(Captioned web image data)
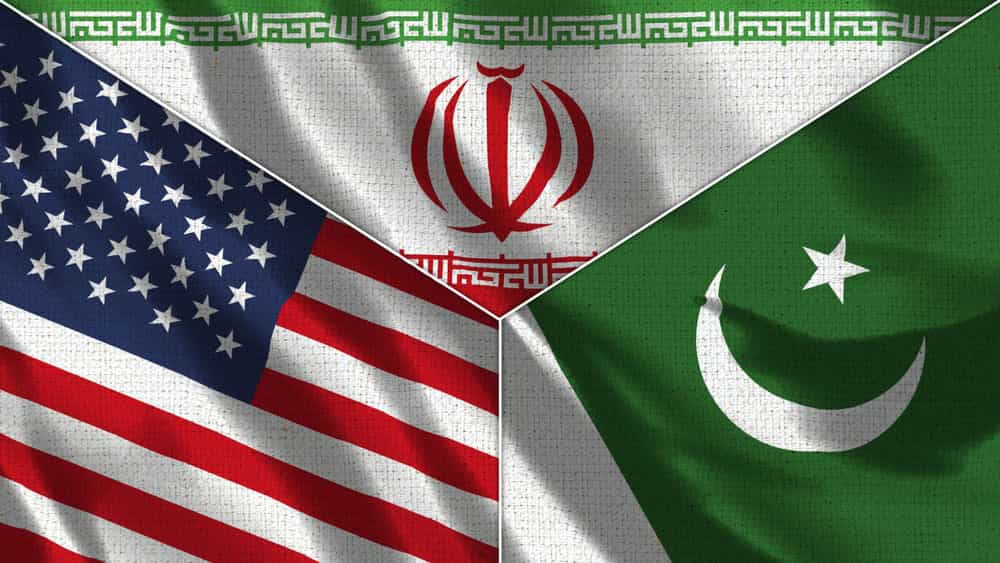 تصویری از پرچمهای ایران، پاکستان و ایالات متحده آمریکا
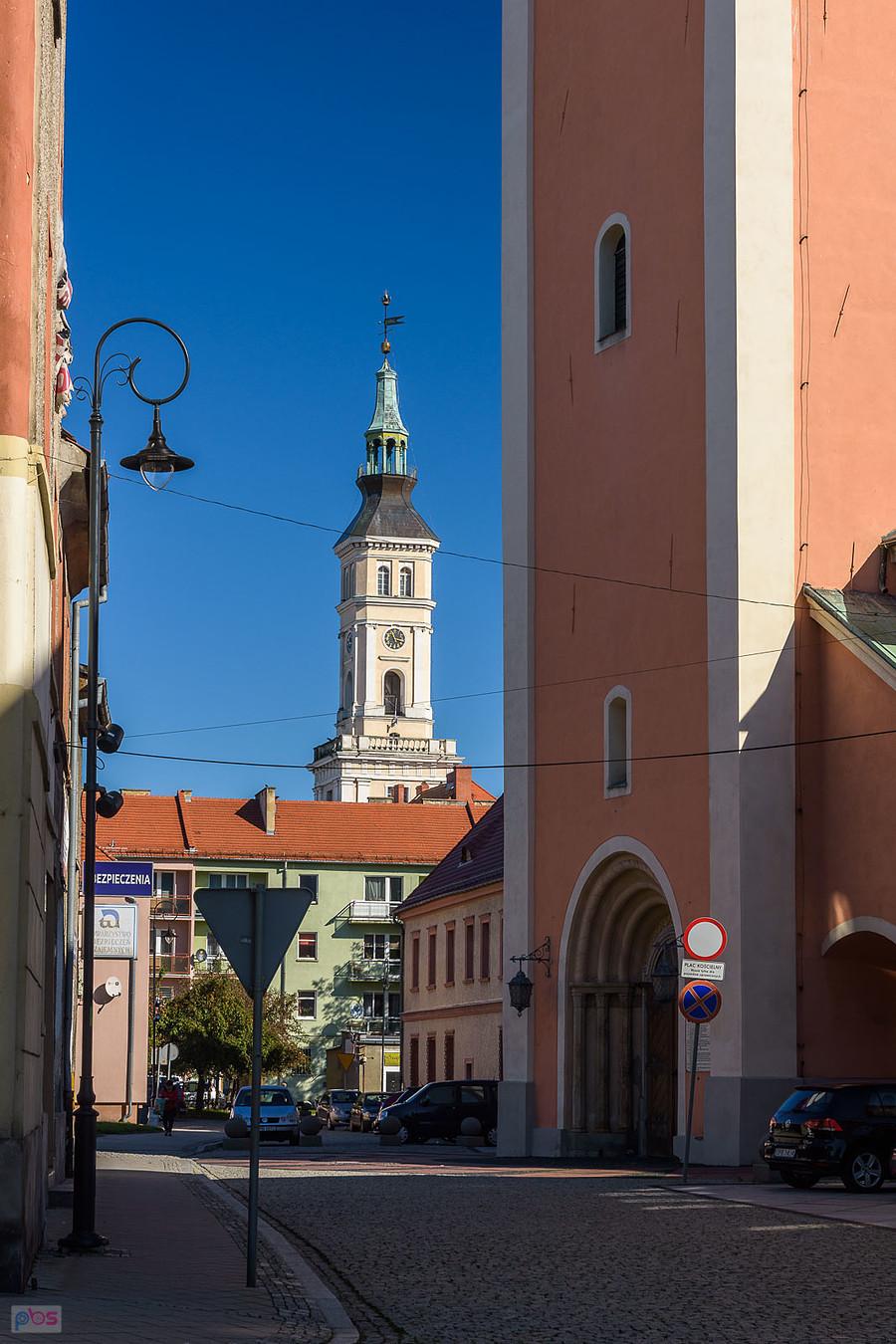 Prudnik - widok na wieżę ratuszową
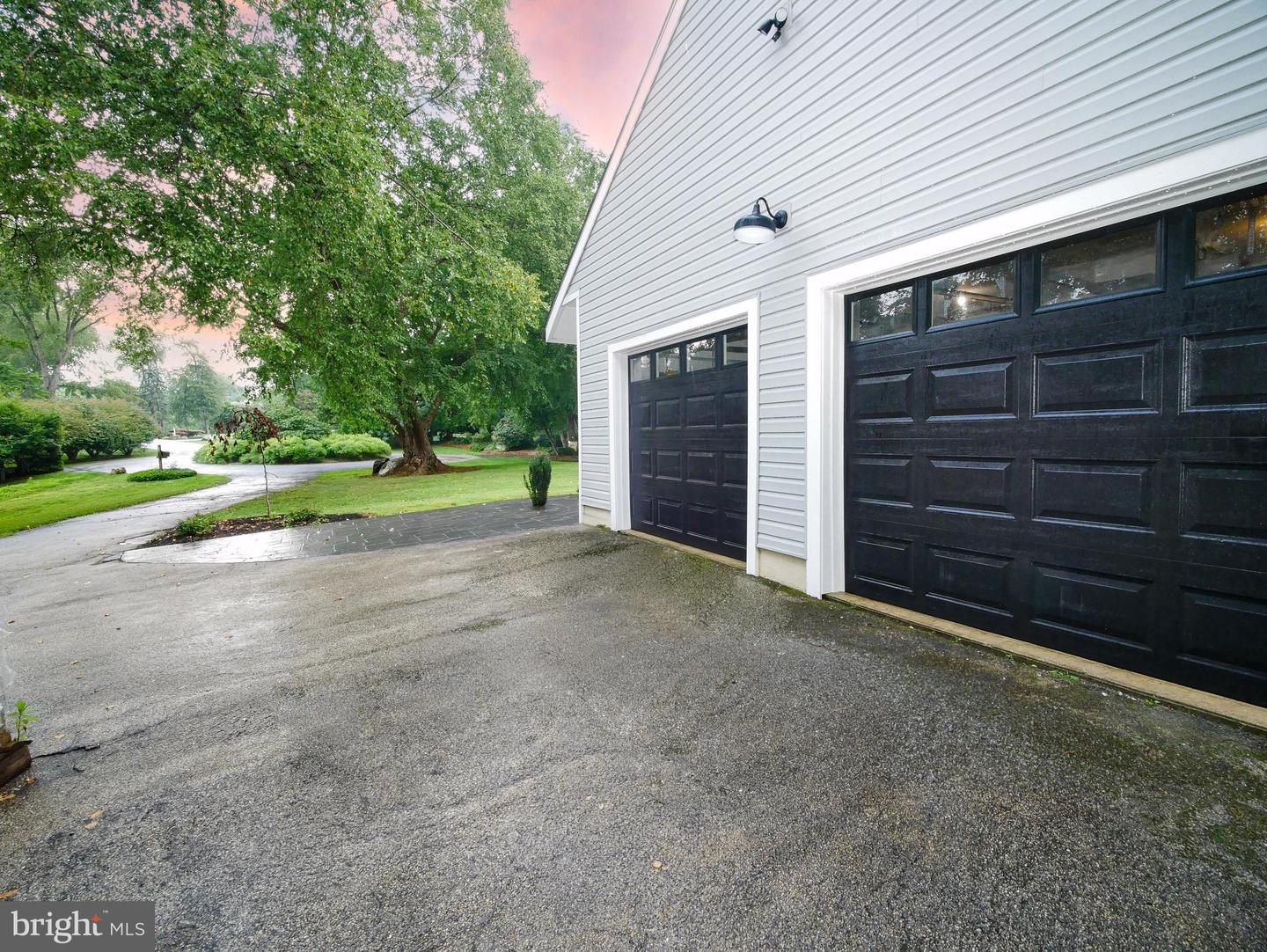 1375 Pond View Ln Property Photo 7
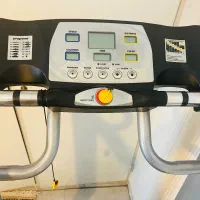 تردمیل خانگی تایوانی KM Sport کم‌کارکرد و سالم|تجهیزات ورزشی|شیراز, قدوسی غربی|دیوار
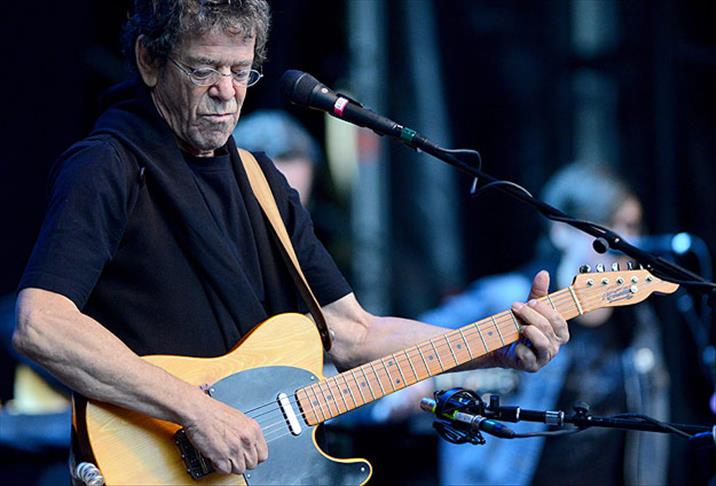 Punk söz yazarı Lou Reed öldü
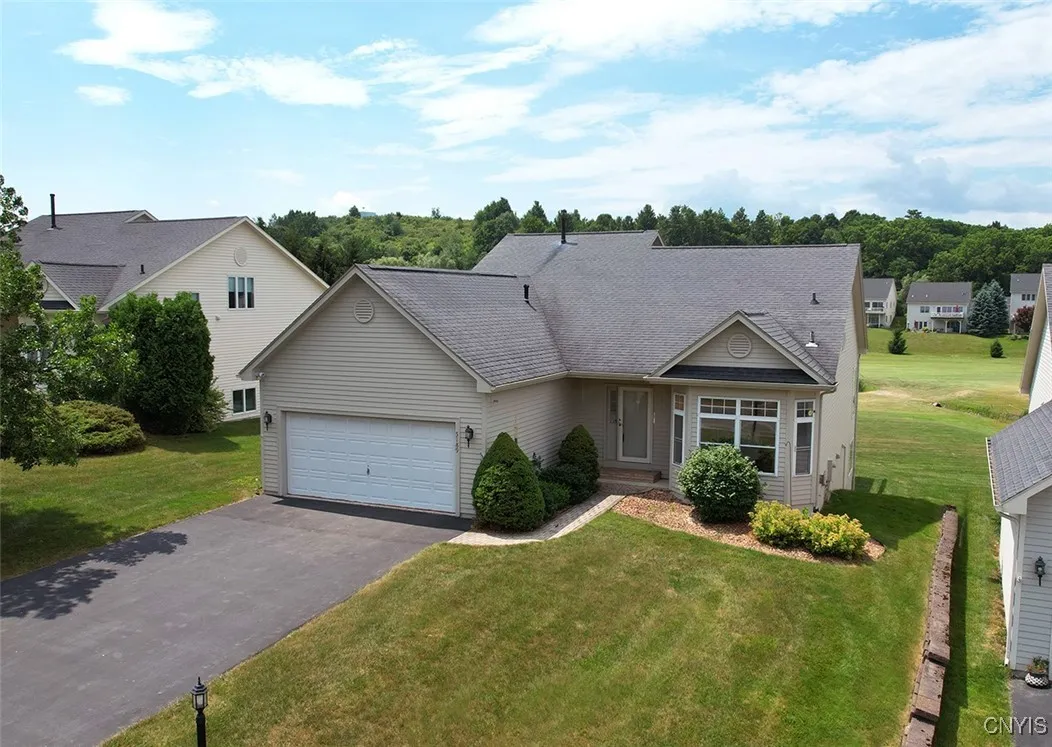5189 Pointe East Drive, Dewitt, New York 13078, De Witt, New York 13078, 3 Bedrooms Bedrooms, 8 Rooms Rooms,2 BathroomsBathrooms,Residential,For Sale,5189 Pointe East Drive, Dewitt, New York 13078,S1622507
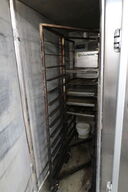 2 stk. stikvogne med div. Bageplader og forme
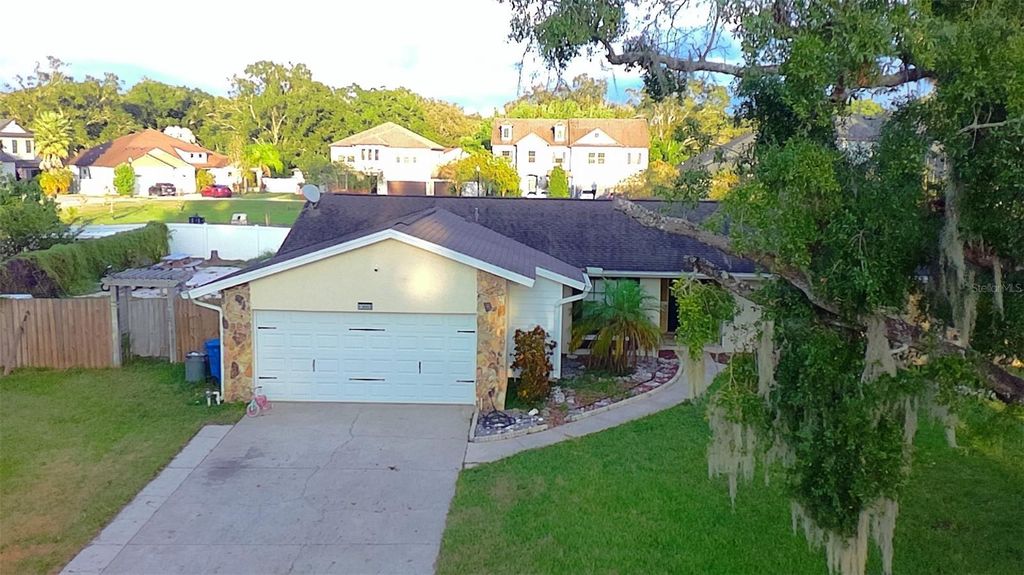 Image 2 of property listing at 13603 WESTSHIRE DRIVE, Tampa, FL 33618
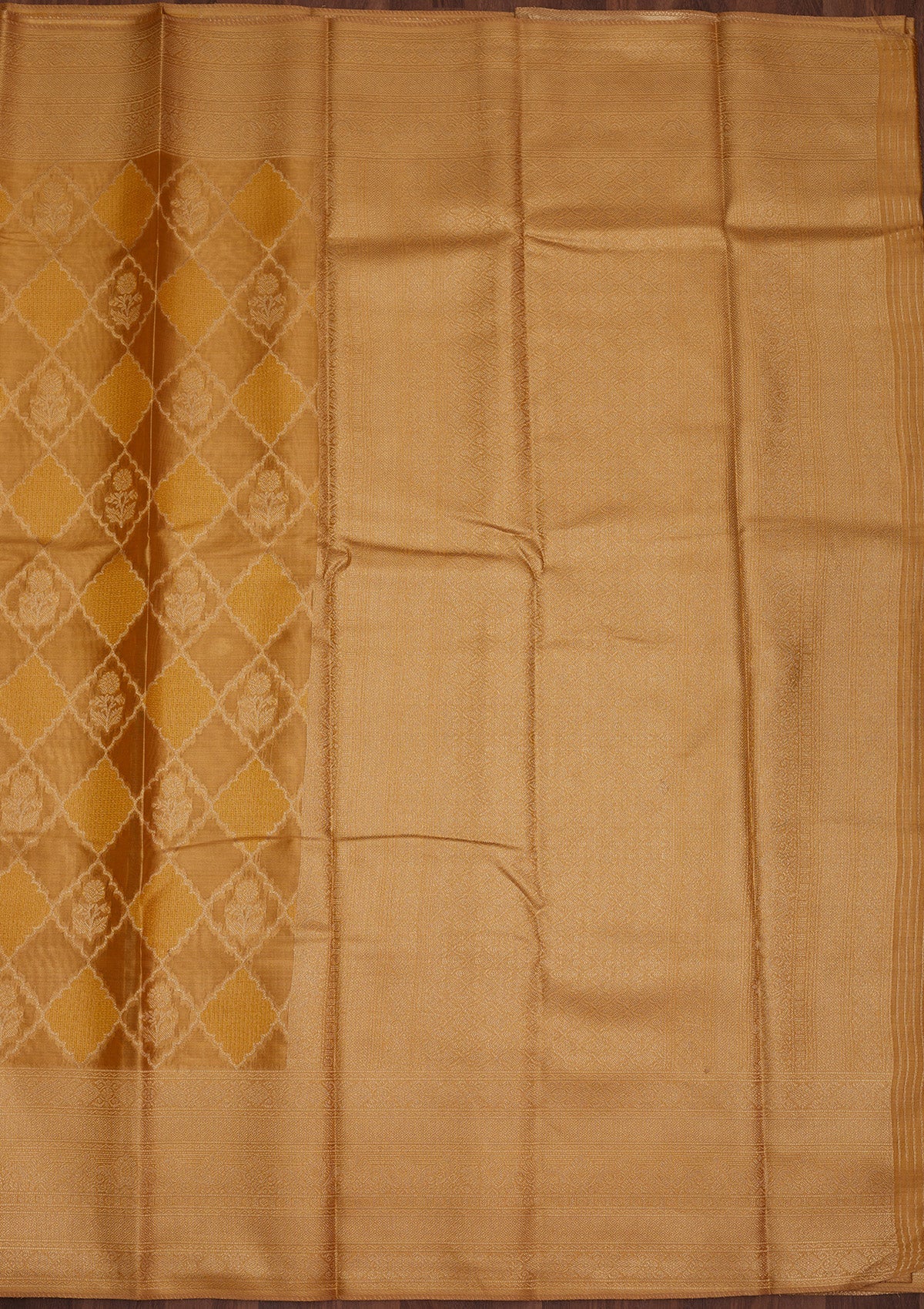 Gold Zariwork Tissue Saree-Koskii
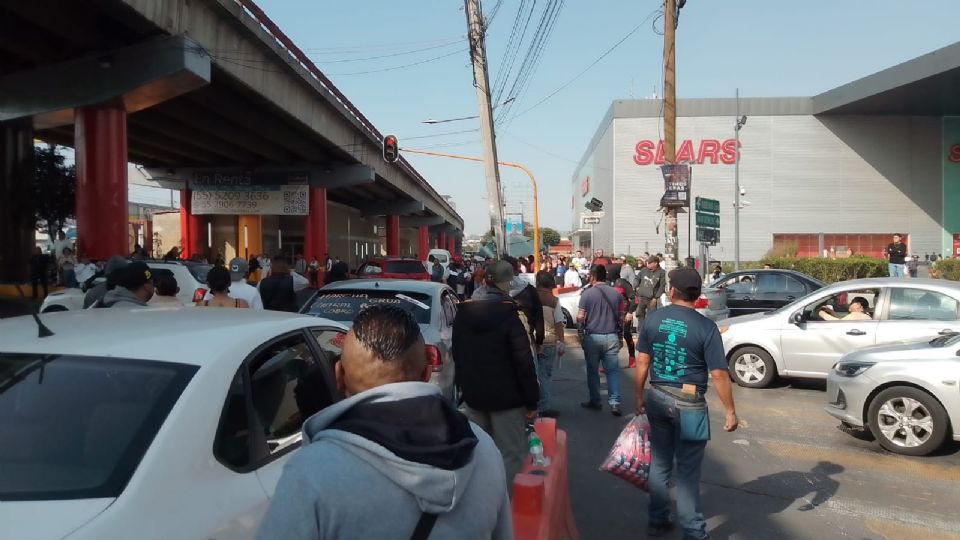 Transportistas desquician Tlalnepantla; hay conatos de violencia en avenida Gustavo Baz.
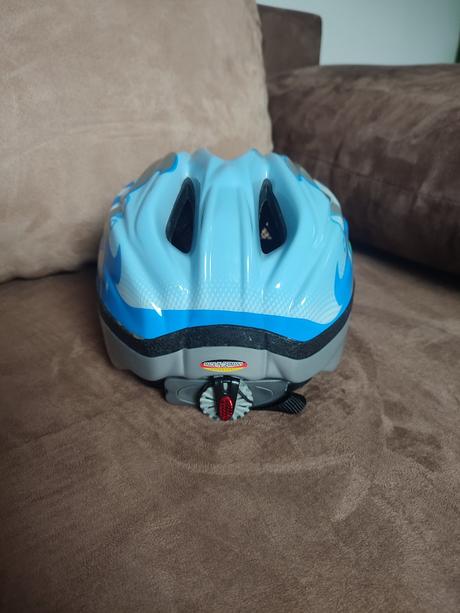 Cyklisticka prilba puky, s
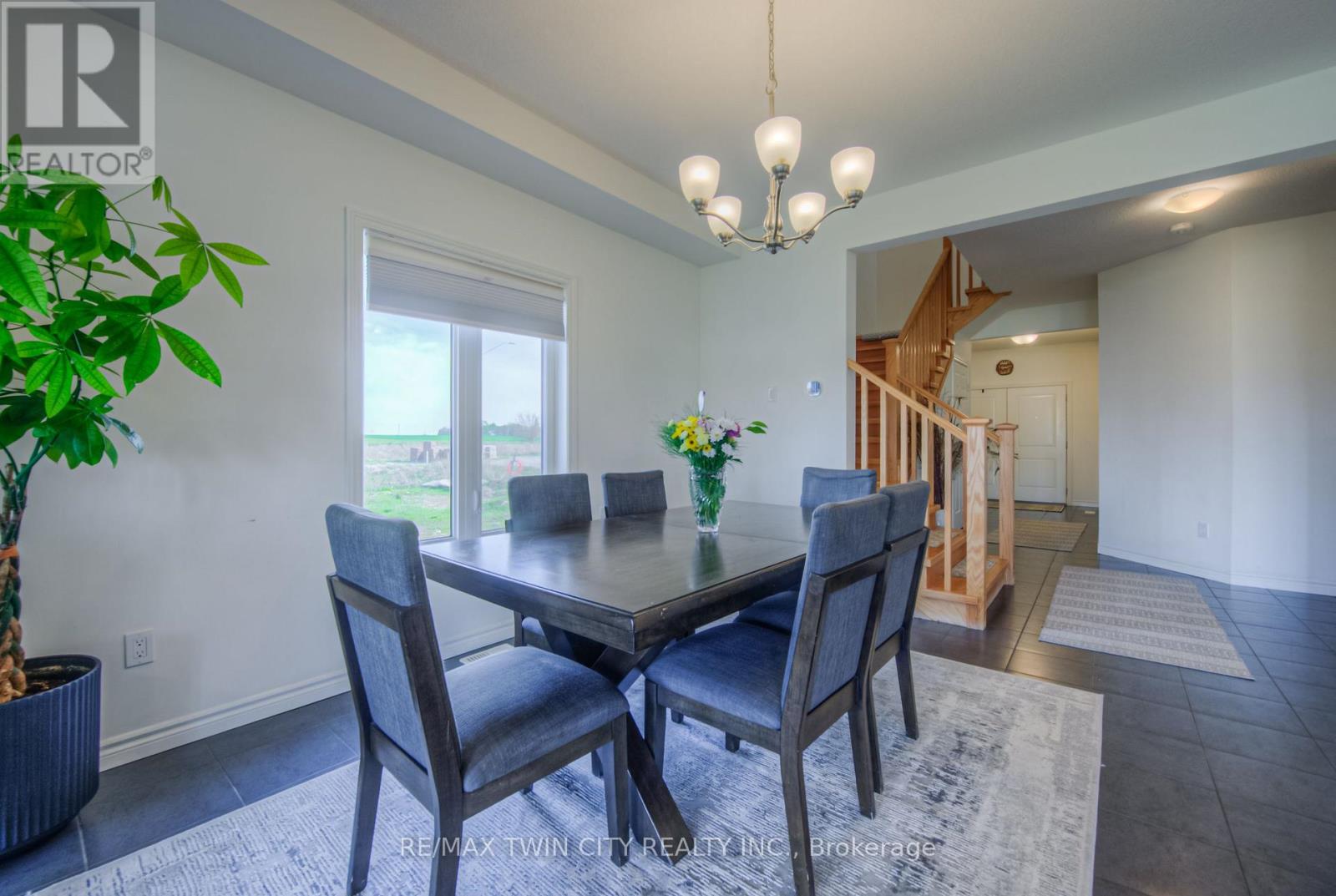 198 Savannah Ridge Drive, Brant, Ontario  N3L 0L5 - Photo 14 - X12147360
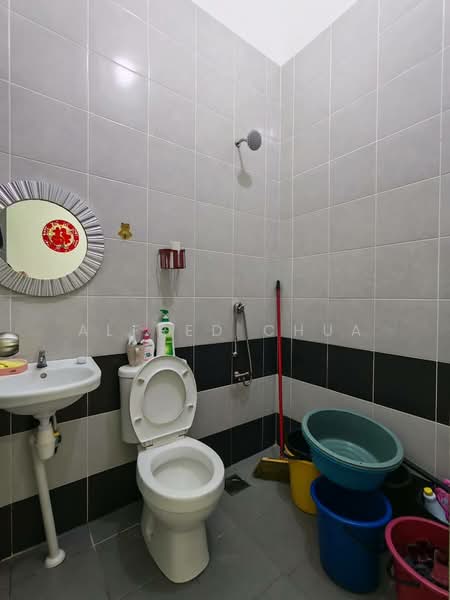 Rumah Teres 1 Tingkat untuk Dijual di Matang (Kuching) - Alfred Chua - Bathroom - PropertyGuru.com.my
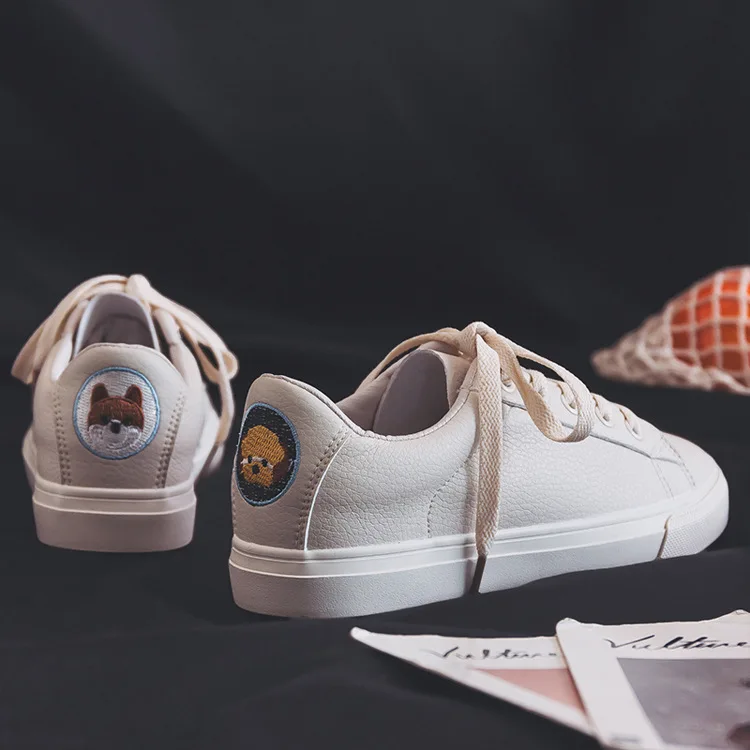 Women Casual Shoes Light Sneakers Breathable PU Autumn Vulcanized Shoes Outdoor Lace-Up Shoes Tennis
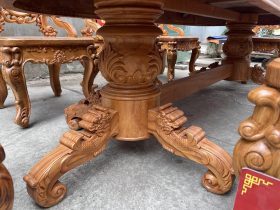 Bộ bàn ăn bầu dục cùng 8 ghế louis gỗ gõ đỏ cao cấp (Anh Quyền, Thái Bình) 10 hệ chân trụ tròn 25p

Task brief: The copy you give must run from the line containing "5189 Pointe East Drive, Dewitt, New York 13078, De" through the last line of the records, exactly, with the pictures left out.

Result of this exercise:
5189 Pointe East Drive, Dewitt, New York 13078, De Witt, New York 13078, 3 Bedrooms Bedrooms, 8 Rooms Rooms,2 BathroomsBathrooms,Residential,For Sale,5189 Pointe East Drive, Dewitt, New York 13078,S1622507
 2 stk. stikvogne med div. Bageplader og forme
 Image 2 of property listing at 13603 WESTSHIRE DRIVE, Tampa, FL 33618
 Gold Zariwork Tissue Saree-Koskii
 Transportistas desquician Tlalnepantla; hay conatos de violencia en avenida Gustavo Baz.
 Cyklisticka prilba puky, s
 198 Savannah Ridge Drive, Brant, Ontario  N3L 0L5 - Photo 14 - X12147360
 Rumah Teres 1 Tingkat untuk Dijual di Matang (Kuching) - Alfred Chua - Bathroom - PropertyGuru.com.my
 Women Casual Shoes Light Sneakers Breathable PU Autumn Vulcanized Shoes Outdoor Lace-Up Shoes Tennis
 Bộ bàn ăn bầu dục cùng 8 ghế louis gỗ gõ đỏ cao cấp (Anh Quyền, Thái Bình) 10 hệ chân trụ tròn 25p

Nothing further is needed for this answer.